Now, you can dismiss Twitter and Facebook as so much silliness and that it doesn’t count and people don’t pay attention to anything posted on there. And you may be right.

But just consider this: Mother Jones, a publication which traditionally has leaned far left and toward the environmental activism side of the boat, has about 300,000 followers.

You can dismiss the 300,000 followers of Mother Jones as anti-ag activists and anti-corporate activists and liberals and leftists. And you may be right in many, likely not all, cases.

But I think I can safely say that those people who have chosen to follow @MotherJones, a majority of them, are real accounts of real people. And those people read the stories that appear from Mother Jones in their Twitter feeds, on their smartphones and their tablets, on their work and home computers.

They read them on planes and trains. They read them in their offices, in their suburban living rooms, in their college dorms and, likely, in their offices in Washington D.C.

Consider when Mother Jones posts its stories such as “The real reason Kansas is running out of water,” which puts the blame on the depletion of the High Plains Aquifer on beef and corn farmers in Kansas and compares them to “dot-com moguls in the ‘90s and real-estate gurus in the 2000s.”

You might shrug at the imagery, but we all know what happened to the dot.coms of the ‘90s and the real estate market of the 2000s, right? And what it meant for the rest of the U.S. economy?

Mother Jones also includes stories such as “Gagged by Big Ag,” a story about the ag gag laws. At least 300,000 people saw that.

When I say “at least,” I mean that the 300,000 followers of Mother Jones saw those stories, as well as all the people who saw the story via retweets and reposts and emails.

You might shrug and say, so what? Fine. Keep in mind that among those 300,000 people are people who influence people who make the laws of this land and the regulations. They’re also people who consume goods and services, including food.

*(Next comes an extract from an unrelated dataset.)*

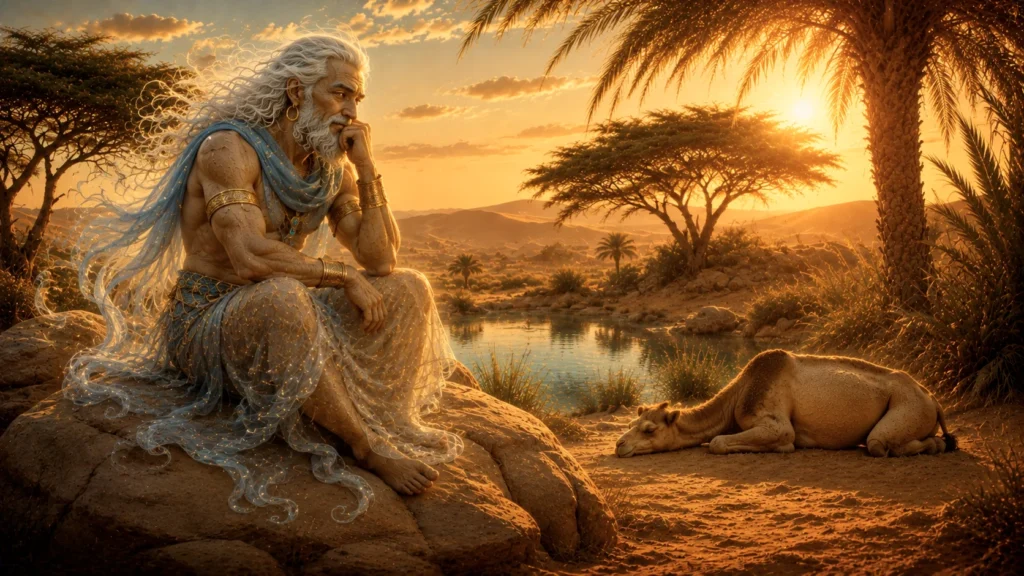 Djinn contemplating by a sunset oasis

It’s not just the stories we need to be concerned about, it’s the numbers of people who are reading those stories and absorbing that information and using that information when they buy groceries or when they write a letter to their congressman or when they talk to a friend.

In this day and age, you can get your message on TV or in the local newspaper, and that’s great — that is getting the farm and agriculture message out there. But keep in mind that many of the people that ag wants and needs to reach, including those who influence the lawmakers and regulation-givers and that nebulous group of “consumers,” get most of their news and information via social media, Twitter and Facebook.

You can praise or dismiss social media as you see fit, but facts are facts, and the facts are that new media is how a majority of people get their news and information. The number of people on social media at any given time of the day bears this out. The continued interest in and growth of social media, including Twitter, also would be an answer to those who have dismissed it as “just a trend.”

Track a conversation on Twitter or monitor your Facebook feed or a particular page’s Facebook feed. People are using social media at all times of the day and night.

I think Twitter is a more open community than Facebook, personally. You can really reach out to a wider community on Twitter than is ever possible on Facebook. Facebook is exclusionary, the “preaching to the choir” mindset, unless you can and want to include people on your Facebook who share different viewpoints than you — and unless they want to include you.

On Twitter, people can drift in and out of conversations as they wish, or “lurk” as it’s termed on Twitter, they can peruse various topics and talk to a wide array of people from all over the world without the commitment or approval and disapproval process that Facebook requires.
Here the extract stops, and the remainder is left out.